**WORK TO BE COMPLETED:**
Only the stretch of the listing below that runs from the line with "Bluza z kapturem damska DSQUARED2" through the line with "Полиция Кишинёва задержала" is to be printed, exactly and with both ends.
━━━━━ TASK MATERIAL
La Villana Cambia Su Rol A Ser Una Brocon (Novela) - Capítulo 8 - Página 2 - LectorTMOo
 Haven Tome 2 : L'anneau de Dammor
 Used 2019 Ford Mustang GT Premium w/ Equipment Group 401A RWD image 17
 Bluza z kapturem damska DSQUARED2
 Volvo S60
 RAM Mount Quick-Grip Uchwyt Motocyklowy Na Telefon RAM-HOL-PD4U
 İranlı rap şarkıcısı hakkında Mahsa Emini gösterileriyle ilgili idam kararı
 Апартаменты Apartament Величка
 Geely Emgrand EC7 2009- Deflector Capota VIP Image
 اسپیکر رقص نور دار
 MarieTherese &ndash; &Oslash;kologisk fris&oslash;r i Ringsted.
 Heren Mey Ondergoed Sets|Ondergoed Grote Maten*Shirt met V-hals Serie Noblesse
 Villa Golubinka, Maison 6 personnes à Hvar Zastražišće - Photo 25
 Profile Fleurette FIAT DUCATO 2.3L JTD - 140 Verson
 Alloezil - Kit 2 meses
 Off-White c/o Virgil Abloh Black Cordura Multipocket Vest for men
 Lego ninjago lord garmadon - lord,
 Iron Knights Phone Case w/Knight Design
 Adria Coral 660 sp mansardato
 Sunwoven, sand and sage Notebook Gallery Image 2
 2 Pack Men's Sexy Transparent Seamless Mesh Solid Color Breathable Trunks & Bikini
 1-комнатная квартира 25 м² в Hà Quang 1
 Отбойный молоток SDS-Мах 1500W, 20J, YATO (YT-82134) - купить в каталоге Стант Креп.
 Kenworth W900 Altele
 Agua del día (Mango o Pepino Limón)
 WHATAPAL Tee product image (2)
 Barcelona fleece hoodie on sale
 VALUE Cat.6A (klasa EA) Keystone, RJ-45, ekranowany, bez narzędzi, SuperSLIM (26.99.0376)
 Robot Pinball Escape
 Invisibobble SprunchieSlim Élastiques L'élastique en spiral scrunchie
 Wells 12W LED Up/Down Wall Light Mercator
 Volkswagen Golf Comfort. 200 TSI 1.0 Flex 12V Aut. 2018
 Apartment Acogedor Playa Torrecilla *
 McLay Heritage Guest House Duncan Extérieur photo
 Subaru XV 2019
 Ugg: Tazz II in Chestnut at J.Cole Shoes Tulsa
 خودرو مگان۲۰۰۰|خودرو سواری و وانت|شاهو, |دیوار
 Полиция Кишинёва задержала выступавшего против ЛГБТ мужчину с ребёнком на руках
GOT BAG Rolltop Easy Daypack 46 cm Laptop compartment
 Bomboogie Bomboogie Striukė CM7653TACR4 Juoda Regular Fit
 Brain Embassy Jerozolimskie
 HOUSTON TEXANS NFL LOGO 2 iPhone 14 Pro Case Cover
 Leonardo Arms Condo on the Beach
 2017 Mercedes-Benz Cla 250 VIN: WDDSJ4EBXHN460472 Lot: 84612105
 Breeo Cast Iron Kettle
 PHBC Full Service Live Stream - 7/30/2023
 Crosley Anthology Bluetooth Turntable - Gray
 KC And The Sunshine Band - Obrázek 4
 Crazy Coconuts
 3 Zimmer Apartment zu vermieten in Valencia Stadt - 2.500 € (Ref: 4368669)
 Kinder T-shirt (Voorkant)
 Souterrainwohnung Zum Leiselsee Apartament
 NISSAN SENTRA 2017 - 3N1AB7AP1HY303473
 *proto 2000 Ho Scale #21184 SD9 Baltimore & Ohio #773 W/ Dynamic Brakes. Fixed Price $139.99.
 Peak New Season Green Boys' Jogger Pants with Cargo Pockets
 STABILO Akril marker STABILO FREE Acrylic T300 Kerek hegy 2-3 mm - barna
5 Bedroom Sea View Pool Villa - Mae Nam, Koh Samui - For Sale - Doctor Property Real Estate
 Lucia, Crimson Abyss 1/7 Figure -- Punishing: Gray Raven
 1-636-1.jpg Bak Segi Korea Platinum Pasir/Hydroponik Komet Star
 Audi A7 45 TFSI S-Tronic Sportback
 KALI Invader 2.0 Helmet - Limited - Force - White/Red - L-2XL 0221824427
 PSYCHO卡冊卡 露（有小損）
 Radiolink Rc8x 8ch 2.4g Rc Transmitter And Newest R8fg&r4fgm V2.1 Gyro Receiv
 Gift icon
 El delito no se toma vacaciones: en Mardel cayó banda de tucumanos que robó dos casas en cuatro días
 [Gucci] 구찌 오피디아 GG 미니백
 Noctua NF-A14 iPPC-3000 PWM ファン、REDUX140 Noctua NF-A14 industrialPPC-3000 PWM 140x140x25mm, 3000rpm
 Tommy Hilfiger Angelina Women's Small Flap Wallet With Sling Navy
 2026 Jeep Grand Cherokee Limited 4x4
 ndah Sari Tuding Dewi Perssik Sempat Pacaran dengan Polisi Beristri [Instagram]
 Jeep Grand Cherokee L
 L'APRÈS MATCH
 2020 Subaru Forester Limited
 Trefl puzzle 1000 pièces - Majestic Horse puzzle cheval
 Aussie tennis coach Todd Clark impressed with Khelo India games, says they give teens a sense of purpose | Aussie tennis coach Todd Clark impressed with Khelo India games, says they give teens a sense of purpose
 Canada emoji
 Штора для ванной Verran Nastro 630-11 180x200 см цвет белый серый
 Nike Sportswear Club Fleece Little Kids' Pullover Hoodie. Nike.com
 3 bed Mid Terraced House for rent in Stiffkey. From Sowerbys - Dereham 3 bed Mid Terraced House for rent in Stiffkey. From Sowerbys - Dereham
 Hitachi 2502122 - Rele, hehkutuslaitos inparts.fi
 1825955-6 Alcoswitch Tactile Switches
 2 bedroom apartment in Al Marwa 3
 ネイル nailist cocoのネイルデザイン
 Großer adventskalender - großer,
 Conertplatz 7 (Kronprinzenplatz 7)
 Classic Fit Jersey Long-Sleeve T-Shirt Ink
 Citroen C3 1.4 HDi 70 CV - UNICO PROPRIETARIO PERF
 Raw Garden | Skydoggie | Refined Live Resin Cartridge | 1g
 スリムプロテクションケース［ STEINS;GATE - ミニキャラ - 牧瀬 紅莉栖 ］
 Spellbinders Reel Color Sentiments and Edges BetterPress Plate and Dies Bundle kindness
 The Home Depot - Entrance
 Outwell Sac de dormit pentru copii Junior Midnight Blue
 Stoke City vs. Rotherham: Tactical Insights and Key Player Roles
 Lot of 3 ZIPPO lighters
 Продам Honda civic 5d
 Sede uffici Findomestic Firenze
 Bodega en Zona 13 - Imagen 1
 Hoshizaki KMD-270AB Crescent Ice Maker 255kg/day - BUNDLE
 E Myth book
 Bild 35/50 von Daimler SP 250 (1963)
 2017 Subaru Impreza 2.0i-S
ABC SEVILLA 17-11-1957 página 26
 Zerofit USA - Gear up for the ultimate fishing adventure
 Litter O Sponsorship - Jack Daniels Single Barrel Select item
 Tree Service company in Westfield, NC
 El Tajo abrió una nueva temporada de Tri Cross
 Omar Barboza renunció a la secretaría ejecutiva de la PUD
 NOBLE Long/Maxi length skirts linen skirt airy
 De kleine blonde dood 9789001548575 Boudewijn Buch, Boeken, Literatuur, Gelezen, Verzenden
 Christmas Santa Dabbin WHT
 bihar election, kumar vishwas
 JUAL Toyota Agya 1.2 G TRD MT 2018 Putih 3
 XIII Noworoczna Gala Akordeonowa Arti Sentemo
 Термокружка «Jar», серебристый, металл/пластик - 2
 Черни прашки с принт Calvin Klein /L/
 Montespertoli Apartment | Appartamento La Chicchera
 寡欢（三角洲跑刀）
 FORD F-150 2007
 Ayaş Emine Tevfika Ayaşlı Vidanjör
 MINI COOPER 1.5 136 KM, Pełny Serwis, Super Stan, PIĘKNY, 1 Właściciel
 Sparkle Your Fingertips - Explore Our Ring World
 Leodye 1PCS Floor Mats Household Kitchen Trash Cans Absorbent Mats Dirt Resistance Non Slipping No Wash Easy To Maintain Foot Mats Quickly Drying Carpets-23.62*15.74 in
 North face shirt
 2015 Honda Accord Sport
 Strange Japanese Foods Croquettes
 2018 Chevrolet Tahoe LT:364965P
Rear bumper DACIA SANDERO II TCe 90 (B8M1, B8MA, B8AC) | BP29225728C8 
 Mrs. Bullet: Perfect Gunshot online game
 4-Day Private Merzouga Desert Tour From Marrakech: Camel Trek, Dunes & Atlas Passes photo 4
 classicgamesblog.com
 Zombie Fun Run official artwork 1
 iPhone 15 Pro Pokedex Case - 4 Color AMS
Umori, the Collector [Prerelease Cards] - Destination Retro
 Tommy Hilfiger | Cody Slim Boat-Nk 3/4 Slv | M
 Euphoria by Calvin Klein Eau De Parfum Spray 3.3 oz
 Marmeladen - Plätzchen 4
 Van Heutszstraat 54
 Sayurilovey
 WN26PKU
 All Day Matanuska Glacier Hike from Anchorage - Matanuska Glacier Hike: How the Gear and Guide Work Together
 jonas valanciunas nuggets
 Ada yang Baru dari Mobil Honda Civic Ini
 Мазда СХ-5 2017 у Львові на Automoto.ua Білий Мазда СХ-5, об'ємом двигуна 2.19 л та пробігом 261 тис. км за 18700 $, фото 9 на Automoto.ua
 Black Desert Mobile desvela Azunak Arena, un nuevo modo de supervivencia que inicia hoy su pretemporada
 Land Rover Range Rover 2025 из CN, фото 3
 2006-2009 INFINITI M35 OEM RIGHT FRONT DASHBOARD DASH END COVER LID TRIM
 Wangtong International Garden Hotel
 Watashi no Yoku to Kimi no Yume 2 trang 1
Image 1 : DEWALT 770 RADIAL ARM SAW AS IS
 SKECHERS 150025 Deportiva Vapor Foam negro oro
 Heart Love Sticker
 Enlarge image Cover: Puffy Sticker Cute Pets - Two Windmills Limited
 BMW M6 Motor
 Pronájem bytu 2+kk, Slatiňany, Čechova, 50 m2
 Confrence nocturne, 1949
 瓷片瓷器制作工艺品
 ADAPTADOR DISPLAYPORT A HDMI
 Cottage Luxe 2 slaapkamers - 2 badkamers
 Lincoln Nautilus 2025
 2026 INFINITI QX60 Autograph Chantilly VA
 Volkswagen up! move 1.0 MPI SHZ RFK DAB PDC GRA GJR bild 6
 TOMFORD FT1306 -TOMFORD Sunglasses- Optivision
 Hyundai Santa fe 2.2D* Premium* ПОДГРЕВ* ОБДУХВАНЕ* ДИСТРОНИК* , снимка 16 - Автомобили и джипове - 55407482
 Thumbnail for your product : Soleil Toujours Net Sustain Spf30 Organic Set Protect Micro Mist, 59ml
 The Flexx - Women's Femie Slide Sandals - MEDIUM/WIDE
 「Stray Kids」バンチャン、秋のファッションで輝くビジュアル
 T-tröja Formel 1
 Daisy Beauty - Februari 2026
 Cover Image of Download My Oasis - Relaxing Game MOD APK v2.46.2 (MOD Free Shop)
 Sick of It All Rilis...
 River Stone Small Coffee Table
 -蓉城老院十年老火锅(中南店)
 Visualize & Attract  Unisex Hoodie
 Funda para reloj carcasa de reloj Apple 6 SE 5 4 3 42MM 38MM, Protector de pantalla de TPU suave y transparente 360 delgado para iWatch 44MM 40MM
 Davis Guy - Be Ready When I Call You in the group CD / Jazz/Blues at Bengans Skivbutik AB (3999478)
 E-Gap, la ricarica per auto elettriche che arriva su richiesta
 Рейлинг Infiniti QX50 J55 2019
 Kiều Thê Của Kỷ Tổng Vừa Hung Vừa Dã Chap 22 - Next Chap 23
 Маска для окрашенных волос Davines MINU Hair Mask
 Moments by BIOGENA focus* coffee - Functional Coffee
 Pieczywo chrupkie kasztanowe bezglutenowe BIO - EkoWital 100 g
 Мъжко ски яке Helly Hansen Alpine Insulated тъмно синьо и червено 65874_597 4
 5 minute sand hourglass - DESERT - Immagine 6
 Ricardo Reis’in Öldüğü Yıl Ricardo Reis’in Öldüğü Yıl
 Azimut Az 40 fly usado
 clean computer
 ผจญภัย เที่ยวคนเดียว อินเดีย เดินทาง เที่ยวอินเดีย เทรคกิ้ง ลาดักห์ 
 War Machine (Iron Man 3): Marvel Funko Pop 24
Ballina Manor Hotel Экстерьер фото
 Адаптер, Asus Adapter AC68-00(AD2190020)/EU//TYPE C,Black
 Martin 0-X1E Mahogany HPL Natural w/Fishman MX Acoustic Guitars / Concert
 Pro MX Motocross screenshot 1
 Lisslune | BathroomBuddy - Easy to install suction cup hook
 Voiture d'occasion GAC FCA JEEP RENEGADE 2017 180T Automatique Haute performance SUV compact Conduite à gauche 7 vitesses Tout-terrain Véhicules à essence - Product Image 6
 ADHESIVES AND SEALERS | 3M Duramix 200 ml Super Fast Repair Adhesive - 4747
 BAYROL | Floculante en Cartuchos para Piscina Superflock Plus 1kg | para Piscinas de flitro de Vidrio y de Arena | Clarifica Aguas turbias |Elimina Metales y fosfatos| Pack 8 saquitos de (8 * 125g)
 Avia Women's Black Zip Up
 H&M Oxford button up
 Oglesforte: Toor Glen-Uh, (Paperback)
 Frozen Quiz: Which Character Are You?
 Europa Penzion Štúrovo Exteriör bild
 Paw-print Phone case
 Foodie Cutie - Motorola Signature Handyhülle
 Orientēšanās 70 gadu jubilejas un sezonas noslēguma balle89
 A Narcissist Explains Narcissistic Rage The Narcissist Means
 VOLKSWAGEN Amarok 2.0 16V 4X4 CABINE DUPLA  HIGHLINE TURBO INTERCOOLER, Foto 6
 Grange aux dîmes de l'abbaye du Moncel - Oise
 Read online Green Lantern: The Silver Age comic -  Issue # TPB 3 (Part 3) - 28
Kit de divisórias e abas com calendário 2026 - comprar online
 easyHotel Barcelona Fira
━━━━━━━━━━
**SOLVED PROBLEM:**
 Bluza z kapturem damska DSQUARED2
 Volvo S60
 RAM Mount Quick-Grip Uchwyt Motocyklowy Na Telefon RAM-HOL-PD4U
 İranlı rap şarkıcısı hakkında Mahsa Emini gösterileriyle ilgili idam kararı
 Апартаменты Apartament Величка
 Geely Emgrand EC7 2009- Deflector Capota VIP Image
 اسپیکر رقص نور دار
 MarieTherese &ndash; &Oslash;kologisk fris&oslash;r i Ringsted.
 Heren Mey Ondergoed Sets|Ondergoed Grote Maten*Shirt met V-hals Serie Noblesse
 Villa Golubinka, Maison 6 personnes à Hvar Zastražišće - Photo 25
 Profile Fleurette FIAT DUCATO 2.3L JTD - 140 Verson
 Alloezil - Kit 2 meses
 Off-White c/o Virgil Abloh Black Cordura Multipocket Vest for men
 Lego ninjago lord garmadon - lord,
 Iron Knights Phone Case w/Knight Design
 Adria Coral 660 sp mansardato
 Sunwoven, sand and sage Notebook Gallery Image 2
 2 Pack Men's Sexy Transparent Seamless Mesh Solid Color Breathable Trunks & Bikini
 1-комнатная квартира 25 м² в Hà Quang 1
 Отбойный молоток SDS-Мах 1500W, 20J, YATO (YT-82134) - купить в каталоге Стант Креп.
 Kenworth W900 Altele
 Agua del día (Mango o Pepino Limón)
 WHATAPAL Tee product image (2)
 Barcelona fleece hoodie on sale
 VALUE Cat.6A (klasa EA) Keystone, RJ-45, ekranowany, bez narzędzi, SuperSLIM (26.99.0376)
 Robot Pinball Escape
 Invisibobble SprunchieSlim Élastiques L'élastique en spiral scrunchie
 Wells 12W LED Up/Down Wall Light Mercator
 Volkswagen Golf Comfort. 200 TSI 1.0 Flex 12V Aut. 2018
 Apartment Acogedor Playa Torrecilla *
 McLay Heritage Guest House Duncan Extérieur photo
 Subaru XV 2019
 Ugg: Tazz II in Chestnut at J.Cole Shoes Tulsa
 خودرو مگان۲۰۰۰|خودرو سواری و وانت|شاهو, |دیوار
 Полиция Кишинёва задержала выступавшего против ЛГБТ мужчину с ребёнком на руках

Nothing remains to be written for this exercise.